In this Tuesday, April 26, 2016 file photo, Republican presidential candidate Donald Trump speaks during a primary night news conference, in New York. (AP Photo/Julie Jacobson, File)

By sometime early this evening, West Virginians will get to see first-hand whether presumptive Republican presidential nominee Donald Trump can give Democratic gubernatorial front-runner Jim Justice a run for his money in the category of pandering to coal miners.

Justice, of course, is falsely telling our state’s hardworking miners and their families that if they will just elect him governor, West Virginia will end up “mining more coal … than has ever been mined before.” Justice told Hoppy Kercheval to “mark it down.” While Justice was blustering, two of his companies were on trial in Wyoming County, facing a suit from 15 families who say one of his mining operations contaminated their drinking water wells. (UPDATED: The jury in the Wyoming County case ruled in Justice’s favor.)

Trump, meanwhile, had this to say the other night after winning the GOP primary in Indiana:

… And West Virginia. And we’re going to get those miners back to work. I’ll tell you what. We’re going to get those miners back to work … we’re not going to be Hillary Clinton, and I watched her three or four weeks ago when she was talking about the miners as if they were just numbers and she was talking about she wants the mines closed and she will never let them work again.

Let me tell you, the miners in West Virginia and Pennsylvania which was so great to me last week and Ohio and all over, they’re going to start to work again. Believe me. You’re going to be proud again to be miners.

The Associated Press has a pretty decent “fact check” item out on the subject of Trump and Appalachian coal. The AP concludes:

Trump, however, has yet to explain exactly how he will revitalize Appalachia’s coal industry. To pull it off, he will have to overcome market forces and a push for cleaner fuels that have pummeled coal.

Coal’s slump is largely the result of cheap natural gas, which now rivals coal as a fuel for generating electricity. Older coal-fired plants are being idled to meet clean-air standards.

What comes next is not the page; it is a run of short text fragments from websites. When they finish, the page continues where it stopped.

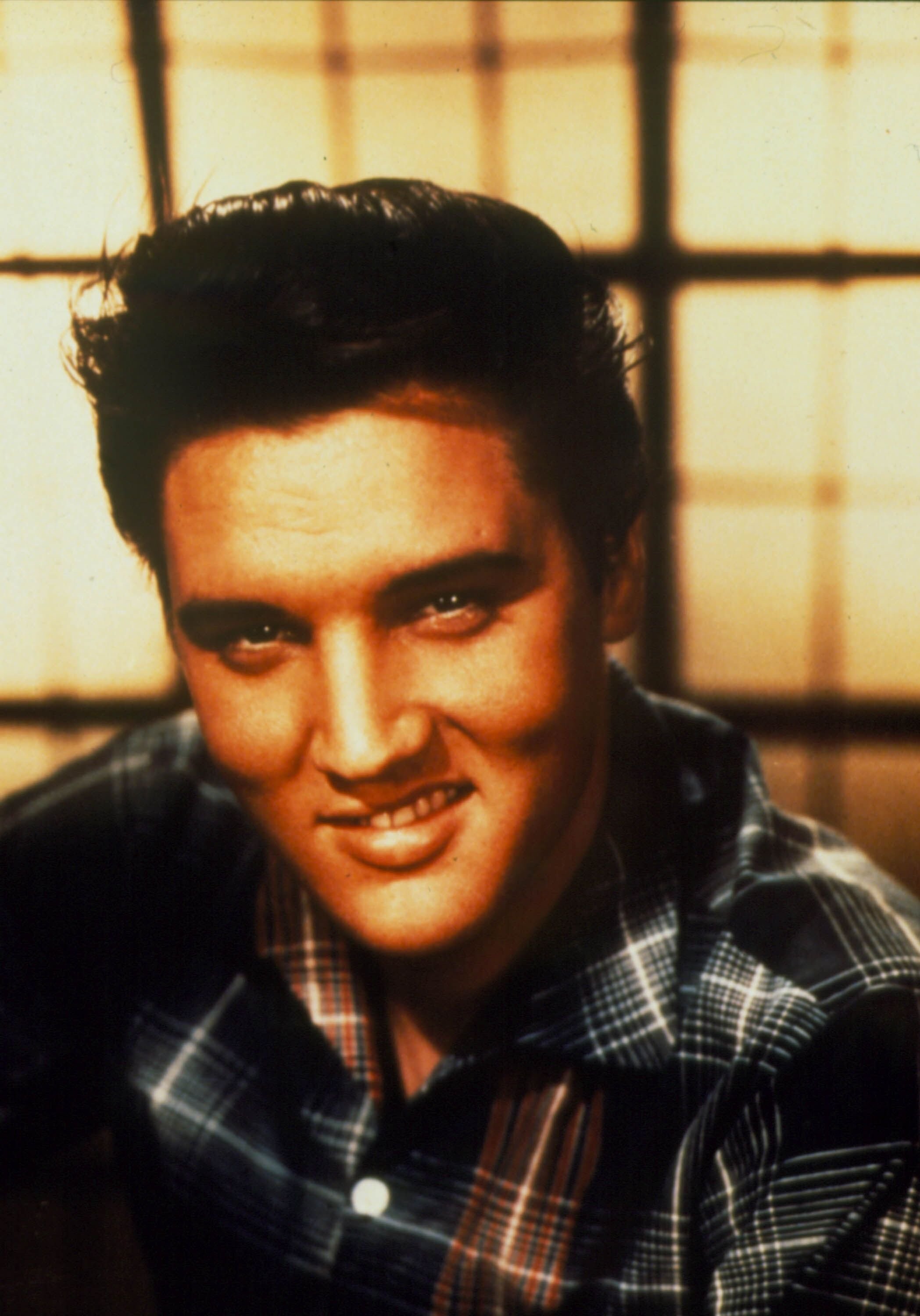 Late singer Elvis Presley poses for a studio portrait. | Photo: Getty Images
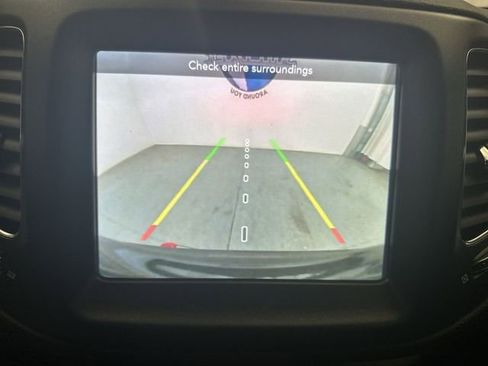 Used 2019 Jeep Compass Trailhawk AWD/4WD image 25
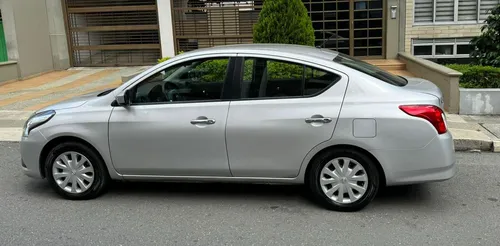 Nissan Versa 2017 Automatico Y Con Boton De Encendido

Another hurdle for reviving coal mining in Appalachia: less coal. Reserves of coal still in the ground are smaller than in western states like Wyoming, the leading coal producer.

The story goes on:

It is unclear what Trump would do to increase mining jobs. He has long criticized the Obama administration’s Environmental Protection Agency, saying that its proposals to tighten emission standards on coal-burning power plants are killing American jobs. A Trump adviser said that a Trump administration would review many EPA regulations including those affecting the coal industry.

While the requirements have raised the cost of operating coal-fired plants, experts say a bigger factor in coal’s decline has been cheaper natural gas. Drilling techniques such as fracking have sparked a boom in gas production, driving down prices and prompting utilities to switch from coal.

As recently as 2008, about half the electricity in the U.S. came from burning coal and one-fifth from burning natural gas. Today, each accounts for about one-third — nuclear, hydroelectric and renewables like solar and wind make up most of the rest. Weak economic growth has hurt demand for Appalachian coal used in making steel.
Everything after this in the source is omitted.